It should be translated "he was a mighty tyrant in the face of the LORD." The hunting was the hunting of men's soul. Nimrod became a leader in apostasy, developer of a great religious system later to become known as the Babylonian religious system or the "mystery Babylon". That whole religious system was begun by Nimrod.

Now his mother Semiramis was later to be called the queen of heaven and to be worshipped. It was her claim that Nimrod was actually born without the benefit of a father; that he was born while she was a virgin.

Nimrod was known for his hunting prowess's. A great man with the bow. In those days the people were probably, because of their primitive type weapons, very fearful of the wild animals-the lions and the tigers and leopards and so forth. And he was known as a protector of the people because of his ability and skills in hunting.

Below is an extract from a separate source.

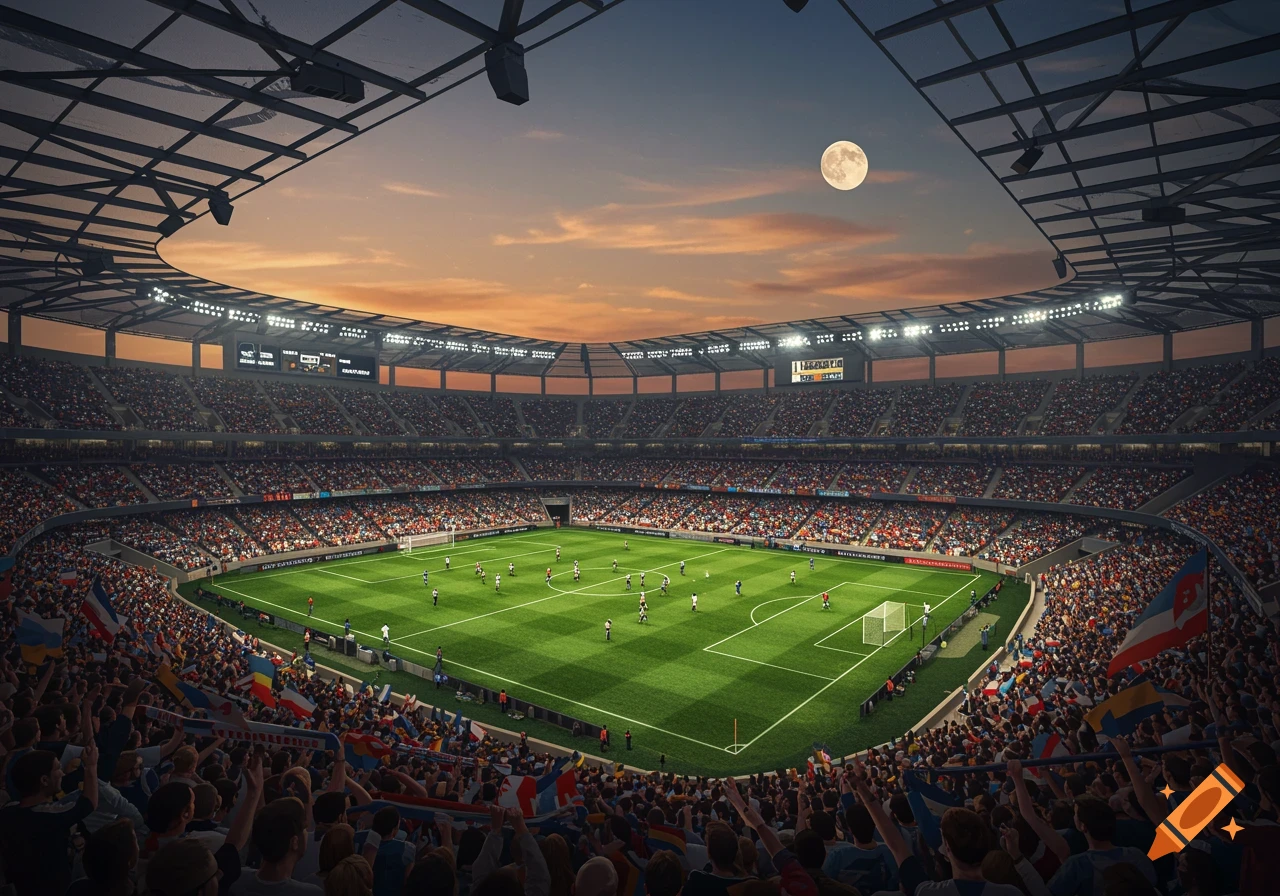 A wide, high-angle shot captures a professional soccer match in a large stadium, filled with cheering fans, under a sunset sky with a full moon.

But one day while hunting boar, a wild boar turned on him and gored him. And he supposedly was dead for three days lying there in the woods and after three days his life returned. And so they began to celebrate his resurrection by coloring eggs and having great festivities in the springtime of the year. Incidentally, his birth was December twenty-fifth and they usually celebrated his birth by giving of gifts, drunken orgies, and cutting trees and decorating them with silver and gold in their homes. And this is just a few generations after Noah.

The worship of his mother Semiramis, queen of heaven, the whole thing, Satan's counterfeit of God's intended work began with Nimrod. And when you start reading the history of the Babylonian religion, the way they set up the celebrations and all, you will be absolutely shocked at the historic church and how much of the activities of the historic church were borrowed directly from Nimrod. He was also known as Tammuz, several names, Astarte, Semiramis, the various names for his mother who was worshipped. And actually the name Easter coming from Astarte.

It's amazing that this Babylonian system could have so thoroughly infiltrated the church. But God brings Nimrod into the record here.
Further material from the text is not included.